To me, the milk bank is a great example of true altruism: women helping women and their babies. Some of the most inspiring donors are those mothers who have lost their babies but express their milk in memory of their little ones. Then you have my own mum, who when she heard the milk bank was being set up in 2000, phoned up and said, “come and take my milk or I’m feeding it to the cat”. We didn’t have a cat.
The altruism in the breastfeeding community extends far and wide. At the Western Trust, experienced breastfeeding mums are trained as peer supporters so that they can help other women. Through this support, these peers can help with the problems they faced and overcame, such as blocked ducts or painful nipples.
Here in the Republic, La Leche League are a nationwide organisation who provide mums with research based help and advice. Trinity has its own La Leche league representative, Elizabeth Quinn.
Barriers to breastfeeding
Breastfeeding rates in Ireland and the UK are some of the worst in Europe. The breastfeeding rate for babies aged six months old is only 6% in Ireland. Research does show that long-term breastfeeding confers the most benefit, although the choice is ultimately the mother’s. The low rate of 6% can be explained by some barriers still faced by women on the island of Ireland.
One barrier is the reduced time which new mothers spend in hospital, which means they do not have the same opportunity to recuperate and get feeding set up with the guidance of midwives. But it’s unlikely that this will change in the foreseeable future, as this would require a drastic change in the way hospitals are run.
Another barrier mentioned by Ann McCrea was that some mothers may be apprehensive about feeding in public places. This fear is compounded by people taking offence at public breastfeeding, likely due to ignorance and a view of the breast as a purely sexual part of the body.
This is not just individual ignorance, but is helped by the mass exploitation of the female figure by advertisers; it is used to sell everything from barbeques to perfumes. This means some women may not breastfeed at all in order to continue going out in public without the prospect of being hassled.

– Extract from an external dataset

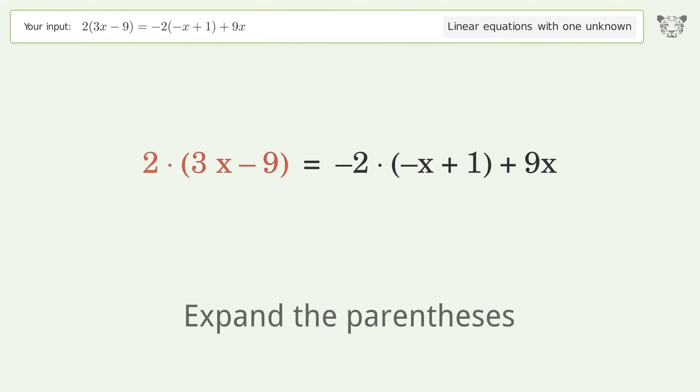You asked Tiger to solve this — it deals with linear equations with one unknown. The final result is x equals negative 16 over 5. Let's solve it step by step.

However, breasts were for feeding purposes long before they were ever seen as sexual. They are an amazing, functional organ which provides babies with the milk that nourishes and nurtures them. Their exploitation as part of the “sexy sell” is a recent development. Anyone who objects to public breastfeeding should instead reserve their disgust for the “Page 3” tabloid use of breasts to sell newspapers, not the mother in the coffee shop feeding her infant.

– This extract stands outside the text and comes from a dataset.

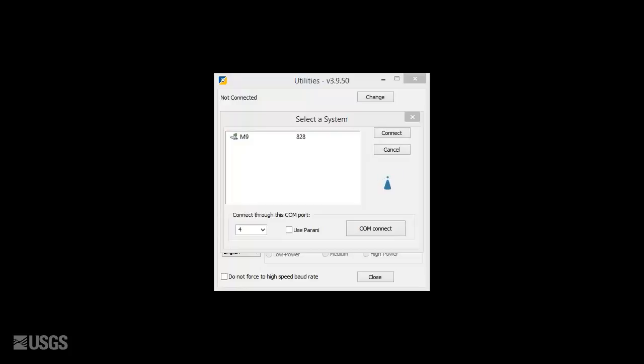It is important to first point out that data already collected with RSSL can be processed on any computer with the RSSL software.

Lastly, one big barrier to longer-term feeding is workplaces failing to provide for women who return to work but continue to express and breastfeed. When I dipped into Trinity’s own staff policy on breastfeeding, for example, I was initially impressed to find quoted a guideline from Ireland’s National Breastfeeding Policy, which recommends that “breastfeeding policies should ensure that employees are supported to breastfeed for as long as they choose to do so and recommends that breastfeeding continue for two years or beyond”.
To sustain breastfeeding it is vital that mothers either breastfeed their babies or express breast milk at regular intervals every day. Yet further into the document I discovered that in Ireland, “an employee who is breastfeeding” can only be defined as such within 6 months of giving birth. This means that paid breastfeeding breaks cease after 6 months.

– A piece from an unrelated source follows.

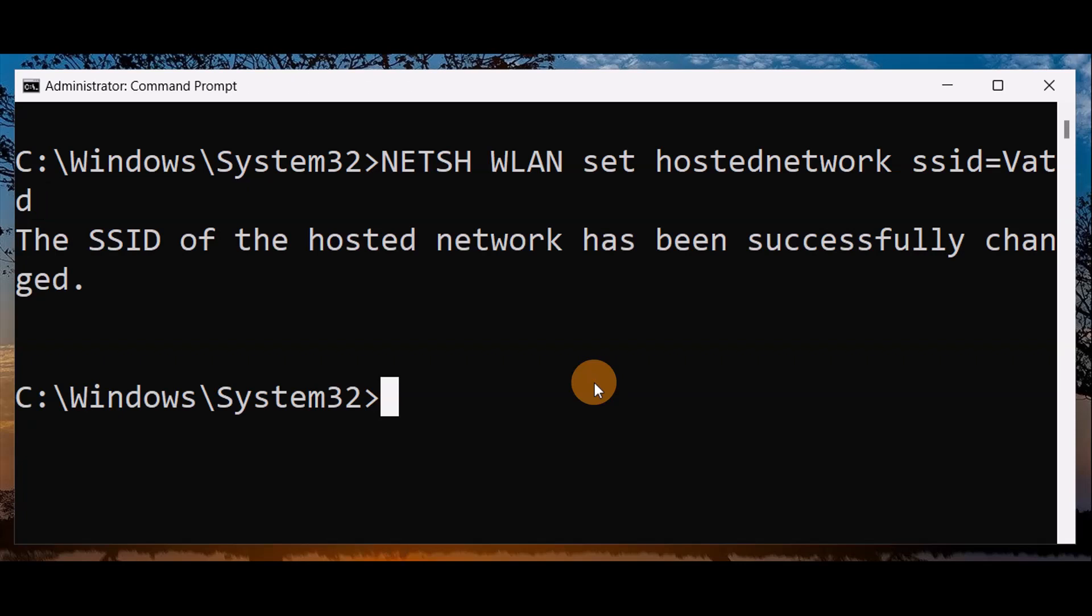It's a very simple and easy way you can just change your SSID of your hotspot network.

While a mother may take unpaid breaks during her work hours in order to keep breastfeeding, this policy certainly does not encourage longer-term breastfeeding. It is inflexible and does not meet the differing requirements of each mother and baby.
All of these issues and more will need to be addressed in some way to improve our breastfeeding rates, but with organisations like La Leche League and women like Ann McCrea on the scene it won’t be long before there are no barriers left. This is a story of women helping women, and thereby helping themselves.